Mardi 4 mars 2002, Iquítos, Pérou, toujours en Amérique du sud...
Merci infiniment à tous pour vos messages. Vive les routards !
Petite chanson du jour, spécialement dédicacée à ceux qui travaillent et à qui je pense chaque jour : « ...travailler c'est trop dur... et voler c'est pas beau... d’mander la charité, c'est que'qu'chose j'peux pas faire... chaque jour que moi j'vit... on m'demande de quoi je vis, j'dis qu'je vis de l'amour et qu'j'espere dev'nir vieux... » Je crois que c'est tout moi, cette chanson.
Une pensée spéciale pour Sonia, Virginie et Olivia qui traversent chacune à leur manière une rupture sentimentale.
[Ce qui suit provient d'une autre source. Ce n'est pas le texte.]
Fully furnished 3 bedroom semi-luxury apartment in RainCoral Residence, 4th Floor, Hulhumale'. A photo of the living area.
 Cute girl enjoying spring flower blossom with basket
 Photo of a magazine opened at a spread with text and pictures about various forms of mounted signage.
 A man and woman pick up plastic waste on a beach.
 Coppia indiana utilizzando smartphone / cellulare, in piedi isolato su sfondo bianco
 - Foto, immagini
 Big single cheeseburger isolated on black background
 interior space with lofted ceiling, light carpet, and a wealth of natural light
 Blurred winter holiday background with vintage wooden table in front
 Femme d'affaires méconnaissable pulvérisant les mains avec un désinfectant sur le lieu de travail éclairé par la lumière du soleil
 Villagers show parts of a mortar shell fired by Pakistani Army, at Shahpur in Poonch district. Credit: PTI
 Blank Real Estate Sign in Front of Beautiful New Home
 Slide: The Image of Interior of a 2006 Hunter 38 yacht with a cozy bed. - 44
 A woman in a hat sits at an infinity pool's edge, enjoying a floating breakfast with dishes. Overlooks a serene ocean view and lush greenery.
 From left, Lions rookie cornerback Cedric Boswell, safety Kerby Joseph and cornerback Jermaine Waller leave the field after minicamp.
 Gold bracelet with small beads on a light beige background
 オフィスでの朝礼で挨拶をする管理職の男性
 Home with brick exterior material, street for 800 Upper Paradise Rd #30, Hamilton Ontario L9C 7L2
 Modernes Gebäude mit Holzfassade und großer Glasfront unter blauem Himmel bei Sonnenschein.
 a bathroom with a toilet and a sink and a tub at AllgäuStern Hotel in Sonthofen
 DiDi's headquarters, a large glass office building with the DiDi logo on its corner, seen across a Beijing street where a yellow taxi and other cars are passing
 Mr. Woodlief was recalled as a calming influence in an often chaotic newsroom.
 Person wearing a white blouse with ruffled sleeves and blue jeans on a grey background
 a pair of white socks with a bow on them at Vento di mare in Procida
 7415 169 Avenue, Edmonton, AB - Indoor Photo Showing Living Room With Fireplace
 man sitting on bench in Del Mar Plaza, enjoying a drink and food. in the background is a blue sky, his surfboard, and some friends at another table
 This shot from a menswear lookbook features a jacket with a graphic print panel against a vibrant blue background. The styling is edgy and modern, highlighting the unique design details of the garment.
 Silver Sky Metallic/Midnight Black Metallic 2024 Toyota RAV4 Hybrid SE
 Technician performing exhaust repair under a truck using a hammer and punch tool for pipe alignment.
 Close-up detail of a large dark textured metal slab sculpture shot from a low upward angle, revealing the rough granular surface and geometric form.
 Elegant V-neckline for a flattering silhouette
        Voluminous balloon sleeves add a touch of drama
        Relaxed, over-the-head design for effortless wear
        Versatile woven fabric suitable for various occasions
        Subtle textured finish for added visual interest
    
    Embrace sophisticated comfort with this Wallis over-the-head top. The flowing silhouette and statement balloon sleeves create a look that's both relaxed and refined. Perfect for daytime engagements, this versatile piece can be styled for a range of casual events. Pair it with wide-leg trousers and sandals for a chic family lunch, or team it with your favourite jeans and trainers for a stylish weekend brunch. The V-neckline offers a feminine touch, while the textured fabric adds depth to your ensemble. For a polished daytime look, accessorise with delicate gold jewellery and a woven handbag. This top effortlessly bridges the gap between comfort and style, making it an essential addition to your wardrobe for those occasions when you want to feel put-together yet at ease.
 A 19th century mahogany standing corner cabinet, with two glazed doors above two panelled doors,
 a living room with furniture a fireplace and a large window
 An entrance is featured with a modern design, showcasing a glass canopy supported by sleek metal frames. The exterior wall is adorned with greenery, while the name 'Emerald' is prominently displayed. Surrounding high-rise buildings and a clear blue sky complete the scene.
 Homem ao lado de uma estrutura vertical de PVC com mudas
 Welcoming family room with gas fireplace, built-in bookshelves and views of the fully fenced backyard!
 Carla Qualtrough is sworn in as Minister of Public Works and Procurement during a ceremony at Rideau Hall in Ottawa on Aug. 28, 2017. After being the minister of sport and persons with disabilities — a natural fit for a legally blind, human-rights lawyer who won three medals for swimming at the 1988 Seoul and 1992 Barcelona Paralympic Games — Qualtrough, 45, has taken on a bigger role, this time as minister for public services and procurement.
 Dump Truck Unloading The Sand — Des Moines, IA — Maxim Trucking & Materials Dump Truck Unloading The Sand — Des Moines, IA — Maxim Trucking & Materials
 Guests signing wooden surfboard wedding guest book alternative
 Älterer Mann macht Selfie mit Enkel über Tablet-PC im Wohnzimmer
Ne vous inquiétez pas les filles : l'amour est à tous les coins de rues. Mais mon point de vue sur la question actuellement est qu'il n'existe pas : chacun l'invente à sa façon et le but du jeu est juste de rencontrer quelqu'un qui l'invente de la même façon, ou d'une façon compatible avec la nôtre. Sinon mieux vaut se faire un très bon ami de celui sur lequel on focalise...
D'autre part, même si à mon jeune âge mon expérience est fort limitée, je dirai, pour avoir observé les couples qui marchent autour de moi, que sans atteindre la résignation, il faut savoir faire des concessions pour construire une vie de couple, tout en connaissant ses limites, ces dernières devant se définir dans le cadre du respect de sa propre intégrité...
Cela fait un nomment que je n'ai pas écrit, et comme vous vous en doutez, j'ai des tonnes de choses à raconter. Mais le temps efface les premières impressions : celle de détails et de passions, et il ne me reste que des souvenirs sereins et satisfaits. Le fait est que ces derniers jours ont plus nourrit mes sens que mon esprit critiques et que cela risque d'avoir un effet direct sur la nature de mon récit. Aussi ne vous étonnez pas de percevoir un changement dans mon écriture.